Phishing

Unter Phishing (Password Harvesting fishing) versteht man den illegalen Versuch, an Login Daten oder PIN und TAN von Onlinebanking Daten usw. zu kommen. Im Allgemeinen ist die Phishing Attacke mit einer e-Mail Attacke verbunden. Man wird unter  Angabe eines gefälschten Hyperlinks aufgefordert, seine Login Daten (PIN und TAN) einzugeben. Der Hyperlink führt nicht auf die echte Internetseite des betreffenden Instituts, sondern auf eine gefälschte Seite. Somit können Login-Daten  an den Urheber der Attacke weitergeleitet werden. Um Phishing Attacken zu vermeiden, sollte man immer per Hand die Internet-Adresse des jeweiligen Instituts (Finanzinstitut, Internet-Shop etc.) eingeben. Auch eine wirksame Firewall und  Antivirenprogramme sind erforderlich, damit der Angreifer nicht eine automatische Umleitung per Trojaner installieren kann oder einen Keylogger platzieren kann (ein Keylogger zeichnet Tastatureingaben auf, somit auch Logindaten). Niemals dem Hyperlink  einer E-Mail folgen, wenn es um Bankdaten oder ähnliches geht. Kreditinstitute fordern niemals zur Eingabe von Login Daten wie PIN oder TAN auf! Methoden der Verschleierung sind sehr ähnliche Domainnamen (URLs). Aus www.kaesebank.de wird  www.kaesebanc.de oder www.käsebank.de.

iTAN, BEN, mTAN
Eine wirksame Verbesserung ist das iTAN Verfahren. Dabei werden alle  iTANs nummeriert und bei einer Finanztransaktion wird eine iTAN mit einer bestimmten Nummer angefordert.
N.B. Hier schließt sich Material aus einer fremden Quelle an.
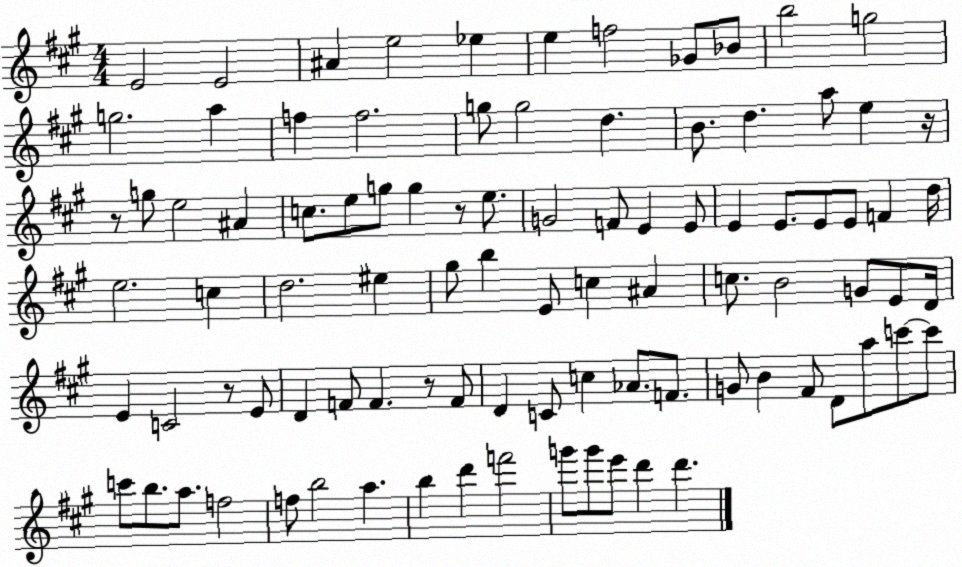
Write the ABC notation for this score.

X:1
T:Untitled
M:4/4
L:1/4
K:A
E2 E2 ^A e2 _e e f2 _G/2 _B/2 b2 g2 g2 a f f2 g/2 g2 d B/2 d a/2 e z/4 z/2 g/2 e2 ^A c/2 e/2 g/2 g z/2 e/2 G2 F/2 E E/2 E E/2 E/2 E/2 F d/4 e2 c d2 ^e ^g/2 b E/2 c ^A c/2 B2 G/2 E/2 D/4 E C2 z/2 E/2 D F/2 F z/2 F/2 D C/2 c _A/2 F/2 G/2 B ^F/2 D/2 a/2 c'/2 c'/2 c'/2 b/2 a/2 f2 f/2 b2 a b d' f'2 g'/2 g'/2 e'/2 d' d'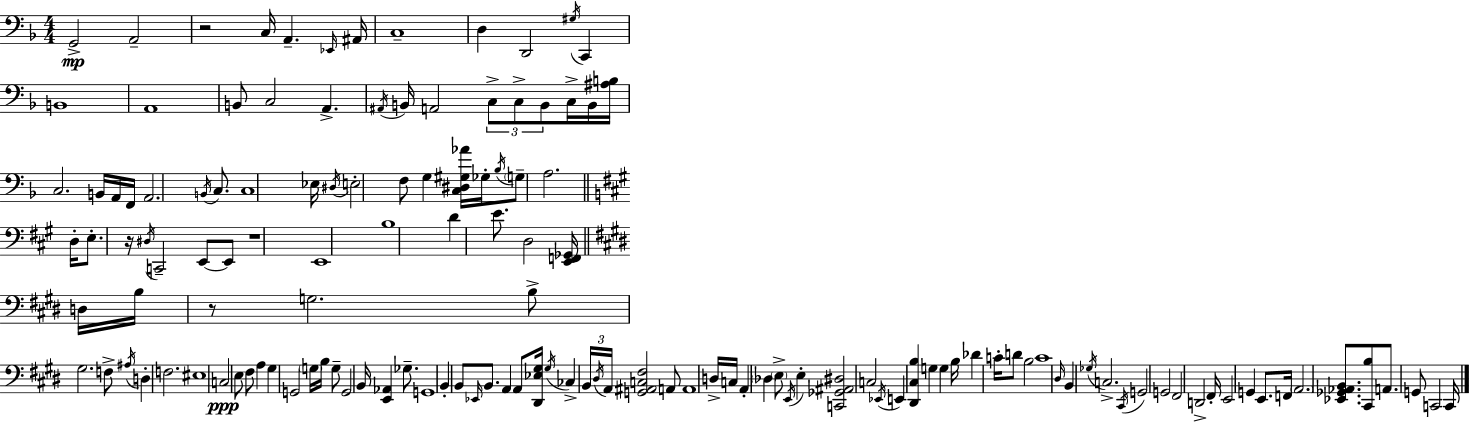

Erbeutete iTANs sind dann für den Angreifer schwer verwertbar.  Denn er weiß weder, welche Nummer ihr zugeordnet ist, noch kann er bestimmen, welche iTAN-Nummer bei der nächsten Transaktion angefordert wird.  Ein Angreifer müsste dann genau die iTAN besitzen die angefordert wird und darum wissen. Dies ist praktisch auszuschliessen, es sein denn, ein Rechner ist mit einem speziellen Trojaner infiziert, der in der Lage ist, diese iTAN zu verwenden.  Man-in-the-Middle Attacken auf das iTAN Verfahren sind auch möglich. Deswegen ist es sinnvoll, wenn das Kreditinstitut eine BEN (Bestätigungsnummer) zur Bestätigung verwendet, um zu sehen, ob die iTAN nicht abgefangen wurde.  Sicherer als das iTAN-Verfahren ist die mTAN (mobile TAN), die mit einer Übermittlung der TAN über SMS oder ähnliche Dienste auf das Handy des Kunden arbeitet. Auch zu empfehlen ist HBCI.  Auch sinnvoll ist es, bei Aufruf der Electonic-Banking Seite das Zertifikat des Browser mit den Angaben des Kreditinstitutes (MD5 und SHA1-Fingerprints) zu vergleichen. Angaben befinden sich auf den Sicherheitsseiten der Banken.                                   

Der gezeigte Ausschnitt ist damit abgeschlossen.